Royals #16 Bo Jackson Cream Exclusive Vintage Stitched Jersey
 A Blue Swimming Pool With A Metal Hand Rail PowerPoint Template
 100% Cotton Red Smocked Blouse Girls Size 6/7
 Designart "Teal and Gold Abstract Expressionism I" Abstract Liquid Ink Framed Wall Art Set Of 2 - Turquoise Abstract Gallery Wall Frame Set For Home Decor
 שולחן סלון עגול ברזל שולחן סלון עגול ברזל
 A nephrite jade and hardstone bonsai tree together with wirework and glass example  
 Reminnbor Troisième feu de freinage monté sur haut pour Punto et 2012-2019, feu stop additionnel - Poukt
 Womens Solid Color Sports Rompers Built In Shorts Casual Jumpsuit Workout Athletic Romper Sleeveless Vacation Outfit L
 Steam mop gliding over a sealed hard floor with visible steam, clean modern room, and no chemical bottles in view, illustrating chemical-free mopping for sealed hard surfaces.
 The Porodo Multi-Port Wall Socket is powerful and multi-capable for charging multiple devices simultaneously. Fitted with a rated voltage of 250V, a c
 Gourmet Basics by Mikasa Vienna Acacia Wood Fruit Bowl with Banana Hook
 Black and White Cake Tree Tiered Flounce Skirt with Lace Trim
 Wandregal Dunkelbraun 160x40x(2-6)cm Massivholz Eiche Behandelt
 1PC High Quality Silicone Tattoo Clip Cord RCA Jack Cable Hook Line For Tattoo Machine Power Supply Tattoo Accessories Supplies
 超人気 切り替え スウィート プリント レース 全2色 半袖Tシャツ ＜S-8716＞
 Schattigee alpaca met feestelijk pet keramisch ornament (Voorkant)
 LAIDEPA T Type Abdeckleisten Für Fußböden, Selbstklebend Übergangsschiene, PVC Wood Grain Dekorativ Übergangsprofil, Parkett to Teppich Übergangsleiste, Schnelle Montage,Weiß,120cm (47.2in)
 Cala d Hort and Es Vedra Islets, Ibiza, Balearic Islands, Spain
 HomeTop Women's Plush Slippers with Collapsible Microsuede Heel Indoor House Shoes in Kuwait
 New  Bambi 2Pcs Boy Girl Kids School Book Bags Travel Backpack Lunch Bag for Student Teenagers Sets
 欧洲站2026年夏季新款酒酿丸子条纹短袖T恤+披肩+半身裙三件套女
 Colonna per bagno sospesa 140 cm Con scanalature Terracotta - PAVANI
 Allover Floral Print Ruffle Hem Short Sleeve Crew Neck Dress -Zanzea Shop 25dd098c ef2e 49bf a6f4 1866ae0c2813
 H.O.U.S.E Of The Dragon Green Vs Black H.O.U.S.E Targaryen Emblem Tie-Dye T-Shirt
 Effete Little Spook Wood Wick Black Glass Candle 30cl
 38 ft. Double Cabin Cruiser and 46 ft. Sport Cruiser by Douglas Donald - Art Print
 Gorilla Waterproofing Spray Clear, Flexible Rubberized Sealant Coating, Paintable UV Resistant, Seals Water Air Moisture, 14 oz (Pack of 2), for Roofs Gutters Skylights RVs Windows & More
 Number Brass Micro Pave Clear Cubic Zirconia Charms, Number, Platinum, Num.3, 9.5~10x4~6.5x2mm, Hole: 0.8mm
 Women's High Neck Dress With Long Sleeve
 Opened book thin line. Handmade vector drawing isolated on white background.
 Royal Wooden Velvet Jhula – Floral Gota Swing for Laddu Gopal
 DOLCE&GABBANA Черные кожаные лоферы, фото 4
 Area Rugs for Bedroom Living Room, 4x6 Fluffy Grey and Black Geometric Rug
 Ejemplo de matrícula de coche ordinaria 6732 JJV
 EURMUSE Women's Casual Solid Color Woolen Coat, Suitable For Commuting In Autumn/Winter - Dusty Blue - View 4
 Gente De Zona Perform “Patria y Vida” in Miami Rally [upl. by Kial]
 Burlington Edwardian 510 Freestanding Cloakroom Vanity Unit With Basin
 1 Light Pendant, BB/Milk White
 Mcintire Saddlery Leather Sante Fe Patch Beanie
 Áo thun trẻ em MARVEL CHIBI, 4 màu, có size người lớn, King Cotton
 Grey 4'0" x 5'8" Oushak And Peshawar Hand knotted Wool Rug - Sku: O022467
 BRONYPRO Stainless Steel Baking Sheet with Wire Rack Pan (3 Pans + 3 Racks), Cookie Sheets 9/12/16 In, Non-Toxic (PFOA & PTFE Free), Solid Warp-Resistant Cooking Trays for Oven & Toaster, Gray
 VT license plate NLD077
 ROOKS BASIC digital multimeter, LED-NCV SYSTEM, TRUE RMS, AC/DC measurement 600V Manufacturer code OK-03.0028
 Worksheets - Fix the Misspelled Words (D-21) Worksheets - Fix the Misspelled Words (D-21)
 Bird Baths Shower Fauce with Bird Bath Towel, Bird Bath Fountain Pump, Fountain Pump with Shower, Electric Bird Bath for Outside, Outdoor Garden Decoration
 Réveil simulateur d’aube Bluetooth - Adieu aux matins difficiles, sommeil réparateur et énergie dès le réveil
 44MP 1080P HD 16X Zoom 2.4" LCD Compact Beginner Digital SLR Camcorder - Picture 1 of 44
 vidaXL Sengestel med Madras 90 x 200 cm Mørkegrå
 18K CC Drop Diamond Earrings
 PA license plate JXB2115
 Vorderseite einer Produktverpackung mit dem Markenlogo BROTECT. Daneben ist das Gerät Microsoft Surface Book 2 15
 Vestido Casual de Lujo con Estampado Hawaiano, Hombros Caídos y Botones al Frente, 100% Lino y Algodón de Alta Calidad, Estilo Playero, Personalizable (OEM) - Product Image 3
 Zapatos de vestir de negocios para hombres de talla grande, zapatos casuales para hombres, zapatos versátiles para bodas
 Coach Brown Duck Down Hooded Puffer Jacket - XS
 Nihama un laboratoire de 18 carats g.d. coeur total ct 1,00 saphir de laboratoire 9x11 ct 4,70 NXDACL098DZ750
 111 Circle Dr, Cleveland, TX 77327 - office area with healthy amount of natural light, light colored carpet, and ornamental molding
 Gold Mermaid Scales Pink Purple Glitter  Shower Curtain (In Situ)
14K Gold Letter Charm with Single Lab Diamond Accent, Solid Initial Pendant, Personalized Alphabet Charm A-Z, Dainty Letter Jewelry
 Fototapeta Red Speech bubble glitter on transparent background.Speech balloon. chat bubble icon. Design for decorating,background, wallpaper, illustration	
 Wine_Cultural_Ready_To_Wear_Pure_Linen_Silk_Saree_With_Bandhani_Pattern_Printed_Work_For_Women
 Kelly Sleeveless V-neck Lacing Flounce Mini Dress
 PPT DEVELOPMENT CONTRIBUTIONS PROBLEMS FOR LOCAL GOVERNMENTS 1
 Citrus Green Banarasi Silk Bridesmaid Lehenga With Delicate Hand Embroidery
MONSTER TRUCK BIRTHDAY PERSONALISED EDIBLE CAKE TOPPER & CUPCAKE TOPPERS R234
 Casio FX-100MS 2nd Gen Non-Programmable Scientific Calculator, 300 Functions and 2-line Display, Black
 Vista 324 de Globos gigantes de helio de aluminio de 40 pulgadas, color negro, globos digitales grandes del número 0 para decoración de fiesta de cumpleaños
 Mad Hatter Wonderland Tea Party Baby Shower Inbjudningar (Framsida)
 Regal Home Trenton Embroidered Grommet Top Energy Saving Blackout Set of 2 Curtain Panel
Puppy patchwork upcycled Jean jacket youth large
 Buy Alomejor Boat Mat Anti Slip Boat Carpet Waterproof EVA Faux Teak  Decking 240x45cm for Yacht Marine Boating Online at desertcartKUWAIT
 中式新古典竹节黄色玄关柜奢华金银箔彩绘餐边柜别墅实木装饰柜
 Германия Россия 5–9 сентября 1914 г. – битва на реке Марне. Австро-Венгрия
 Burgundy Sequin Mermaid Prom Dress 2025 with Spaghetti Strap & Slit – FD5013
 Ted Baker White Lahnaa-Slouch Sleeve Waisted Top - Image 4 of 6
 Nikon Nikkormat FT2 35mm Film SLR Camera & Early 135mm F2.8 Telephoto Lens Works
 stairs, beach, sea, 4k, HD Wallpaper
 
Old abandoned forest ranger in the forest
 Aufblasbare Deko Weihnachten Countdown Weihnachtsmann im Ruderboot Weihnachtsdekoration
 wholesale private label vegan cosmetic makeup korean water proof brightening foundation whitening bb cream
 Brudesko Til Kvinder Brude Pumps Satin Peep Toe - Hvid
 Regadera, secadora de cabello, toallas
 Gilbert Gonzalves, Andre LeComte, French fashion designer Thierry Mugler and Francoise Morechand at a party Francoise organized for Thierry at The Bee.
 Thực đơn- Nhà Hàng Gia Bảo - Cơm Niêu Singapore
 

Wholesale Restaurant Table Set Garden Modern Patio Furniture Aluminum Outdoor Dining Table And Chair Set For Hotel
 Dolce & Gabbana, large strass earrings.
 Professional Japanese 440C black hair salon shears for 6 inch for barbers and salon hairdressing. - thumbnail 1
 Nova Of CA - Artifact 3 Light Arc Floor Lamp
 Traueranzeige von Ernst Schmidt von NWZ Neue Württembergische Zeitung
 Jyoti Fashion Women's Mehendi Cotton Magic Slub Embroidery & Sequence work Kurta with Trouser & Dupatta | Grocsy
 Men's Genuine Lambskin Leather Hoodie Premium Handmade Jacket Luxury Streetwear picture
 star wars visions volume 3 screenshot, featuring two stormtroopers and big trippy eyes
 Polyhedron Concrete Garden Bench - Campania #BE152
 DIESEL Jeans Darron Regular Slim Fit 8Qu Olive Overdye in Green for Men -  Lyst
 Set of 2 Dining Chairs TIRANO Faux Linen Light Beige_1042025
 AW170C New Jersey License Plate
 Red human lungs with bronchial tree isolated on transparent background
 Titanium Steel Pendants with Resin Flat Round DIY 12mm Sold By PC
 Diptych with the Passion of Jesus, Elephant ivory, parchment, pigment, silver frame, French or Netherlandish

Exercise details
State the number of lines in the listing above that include "Floral", and add nothing else.

Exercise answer
2